A late Summer Thursday afternoon
and dreaming
I revisit the garden of my childhood Spring

two merciless, samurai leylandii 
preaching 
across the grass

the cherry tree, rope ladder strung from its lower branch
the prunus, spotted with blossom buds and busty bullfinches

closer to the house, a small slope against which we handstood
or rolled down on daisy afternoons

over here 
to the right, the old widowed shed
racked with bikes and plant pots and rakes
shelves of powders
against ants and slugs and fungus

I step behind it
to rediscover the dank hiding place
where golden rod stems snagged socks
where spiders the size of apples waited for sandalled feet
where fence panels, slipped from between posts,
have sidled to the ground and dried to a silver grain

and here next to the bald tennis ball and a decaying shuttlecock
I find the tumbled grave of small bones and dried hair
of shattered gossamer film
I pull small rot-welded corpses of dead fairies one from another
here where magic died 
and wishes made 
yet unbelieved

were finally abandoned


Tuesday, 25 August 2015

essentials

We
coincide 
inside
T K Maxx

you two
smiling
linked
arm in arm
setting off 
up the
escalator

me
I’m heading down
to look at
pants

you two
just out for the joy 
of shopping
seventeen
swapping opinions
on leopard skin tops
on minions 
on Tshirts
checking out boys’ crotches
all elbows
and giggling

me
aching neck
sore feet
fifty five
stacking my backpack
with cheap necessities
reduced knickers
up against
economy cheese
and essentials tea

I'd have come
down there with you
once
but it's
too late
for that.

Saturday, 22 August 2015

A Nice Change - guest spot

This is something of a departure for me...

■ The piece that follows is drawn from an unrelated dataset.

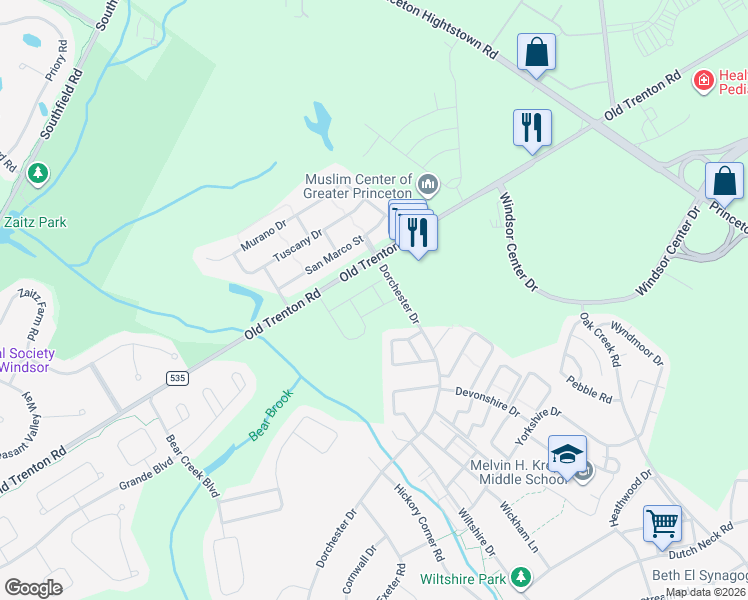 map of restaurants, bars, coffee shops, grocery stores, and more near 234 Dorchester Drive in East Windsor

I have a writing friend,  Pleasant Street aka Rose Red aka Geletilari, from the USA via Twitterland - @AreYouThrilled.  

She writes some very lovely poetry and posts them on her blog here - In My Parlour .  She heard one or two of my readings of my poetry on Soundcloud and asked if I would record a reading of one of hers.  I was of course very flattered and delighted to do it - the Thespian in me still alive and well somewhere in there.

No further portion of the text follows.